Er waren meer lolhuizen in de stad, zoals op de Prinsenhofsteeg en (vermoedelijk) de Kortenhoef aan de Vijzelstraat. Er bestonden in die periode netwerken van mannen die heimelijk relaties onderhielden met elkaar. Er lijkt sprake te zijn geweest van bepaalde codes waarmee ze contact met elkaar legden. Zo zwaaide men met een zakdoek of hield de hand op de rug in de hoop dat een andere man deze hand zou aantikken.
Bij het stadhuis op de Dam zouden mannen aan ‘kruisen’ hebben gedaan. Ze hielden hierbij hun handen in hun zij, en raakten elkaar met de ellenbogen aan. Dit hadden ze waarschijnlijk afgekeken van de werkwijze van prostituees in deze periode.

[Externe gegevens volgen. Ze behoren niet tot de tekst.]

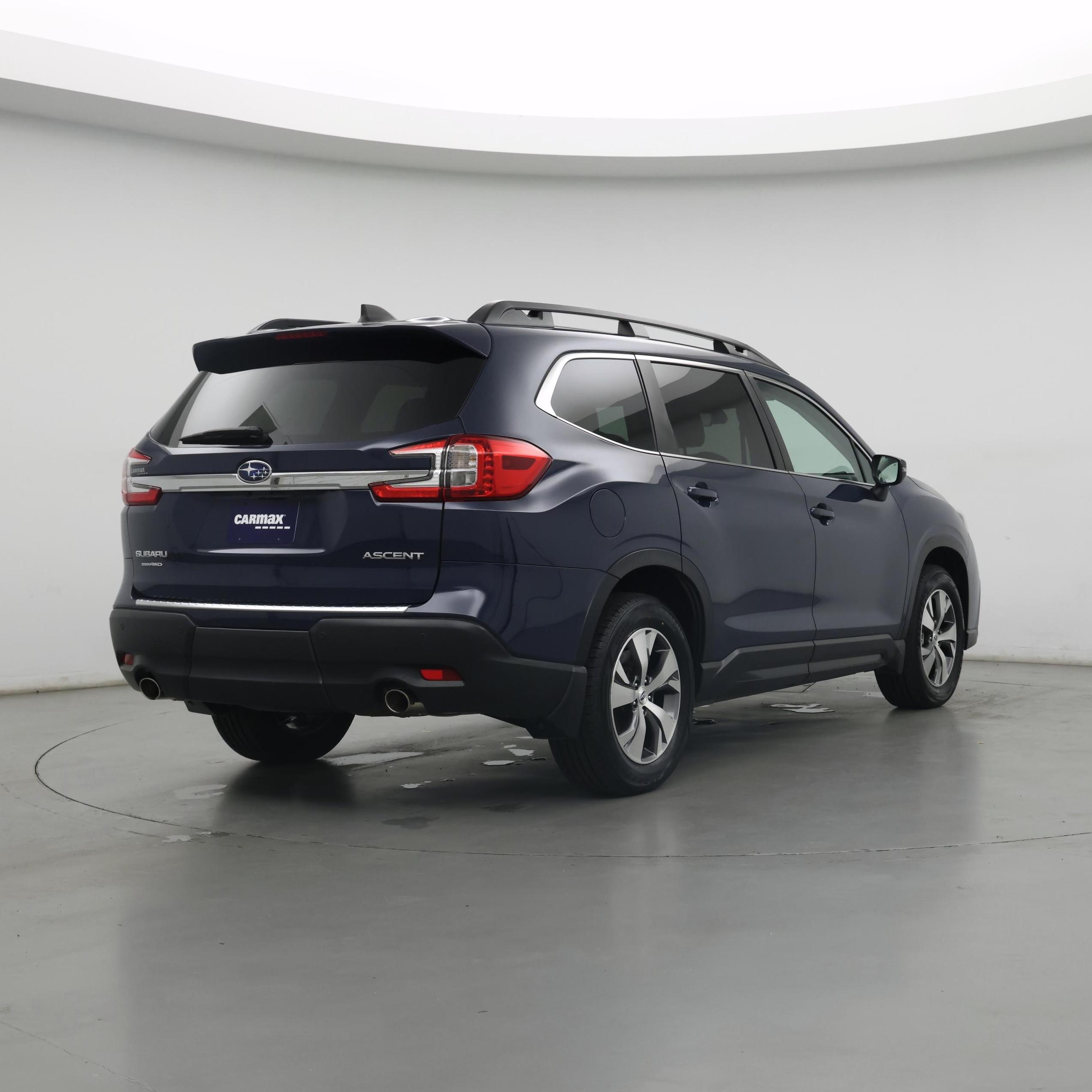 Thumbnail: 2023 Subaru Ascent - 8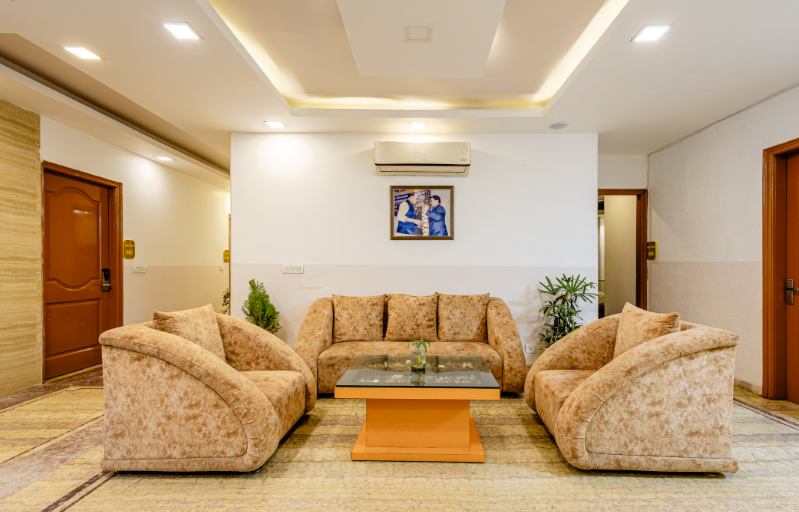 Lime Tree Stays & Banquet Huda City Center,Sector 43,3 star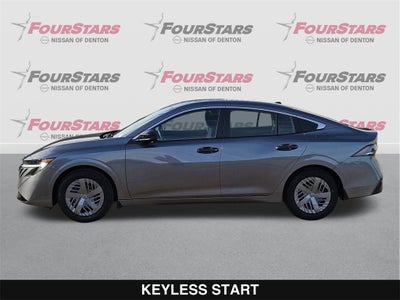 2026 Nissan Sentra S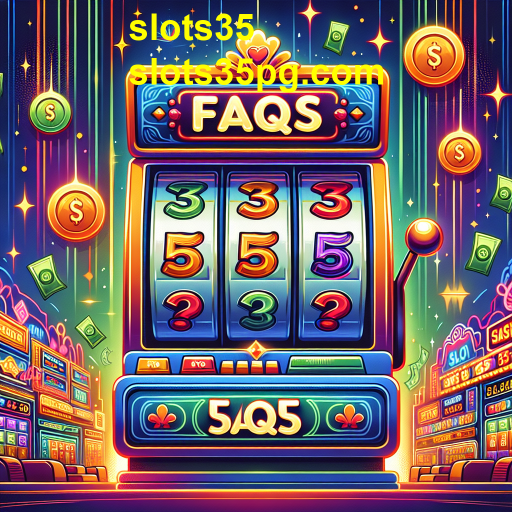 Desvendando a Categoria 'FAQs' em Slots: Tudo Que Você Precisa Saber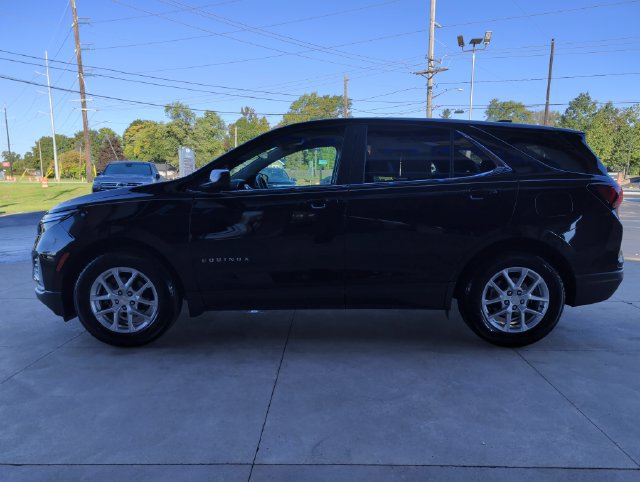 Used 2023 Chevrolet Equinox LT FWD image 5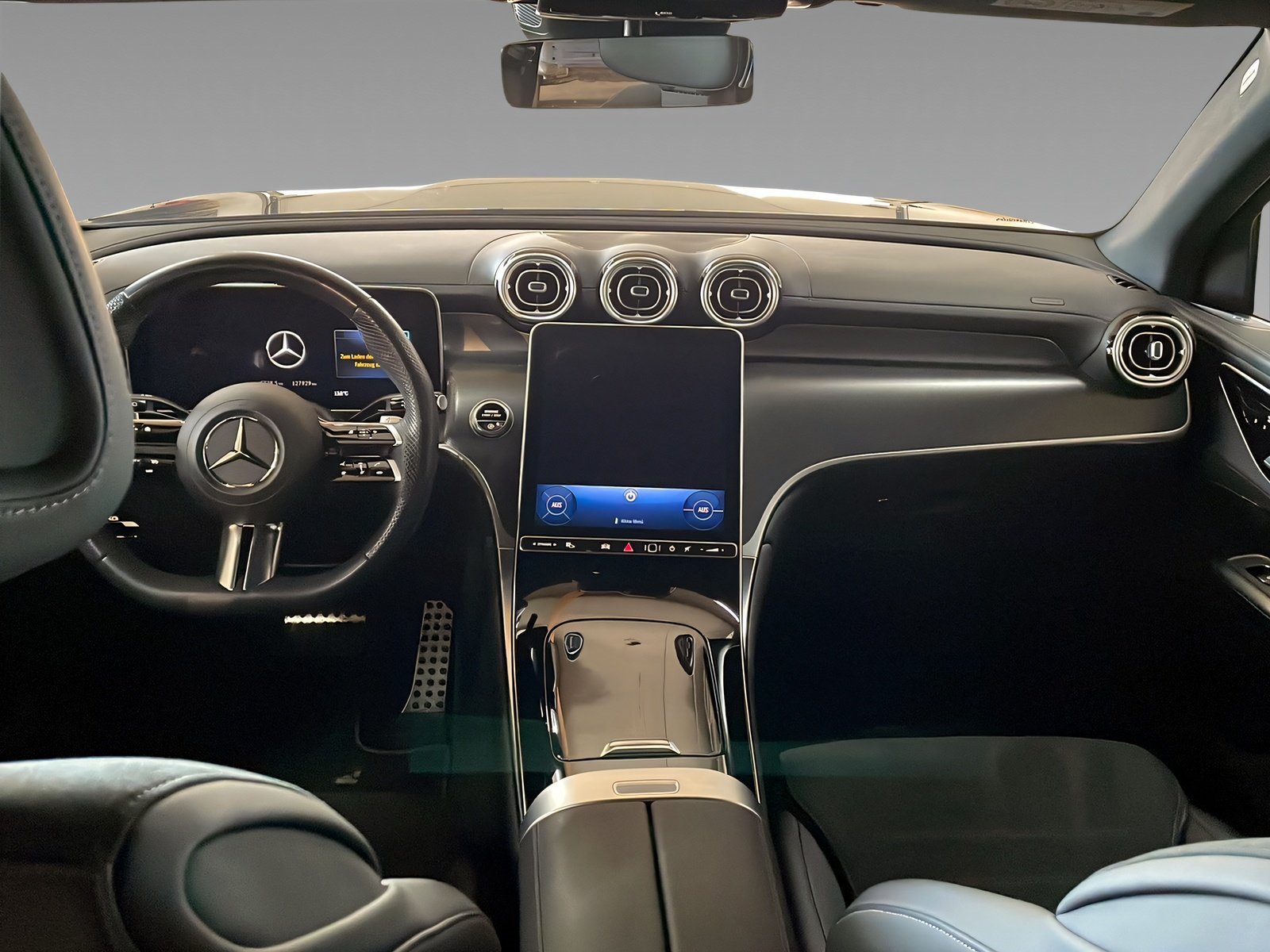 GLC 220 d 4M AMG+DIGITAL+NIGHT+Memo+TotW+AHK+360 Bild 11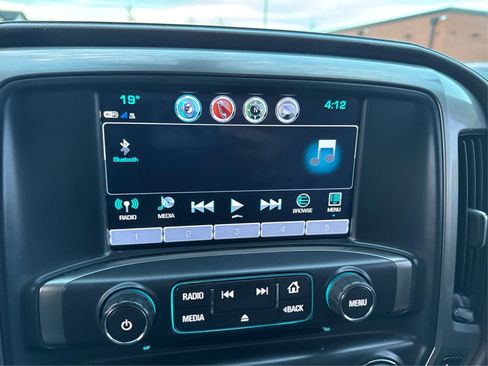 Used 2018 Chevrolet Silverado 1500 LTZ Z71 image 26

Een deelnemer aan een gemaskerd bal (door Philip Dawe, 1773)

Molly houses

In Londen werden de lolhuizen “Molly-houses” genoemd waar mannen seks konden hebben en zich als vrouwen konden verkleden. De bezoekers van de “Molly houses” werden “Mollies” genoemd. Ze gedroegen zich als vrouw, hadden een vrouwelijke naam en vrouwelijke manieren en stem. Huwelijksceremonies tussen een “Mollie” en zijn mannelijke geliefde werden opgevoerd om hun partnerschap en verbintenis te symboliseren.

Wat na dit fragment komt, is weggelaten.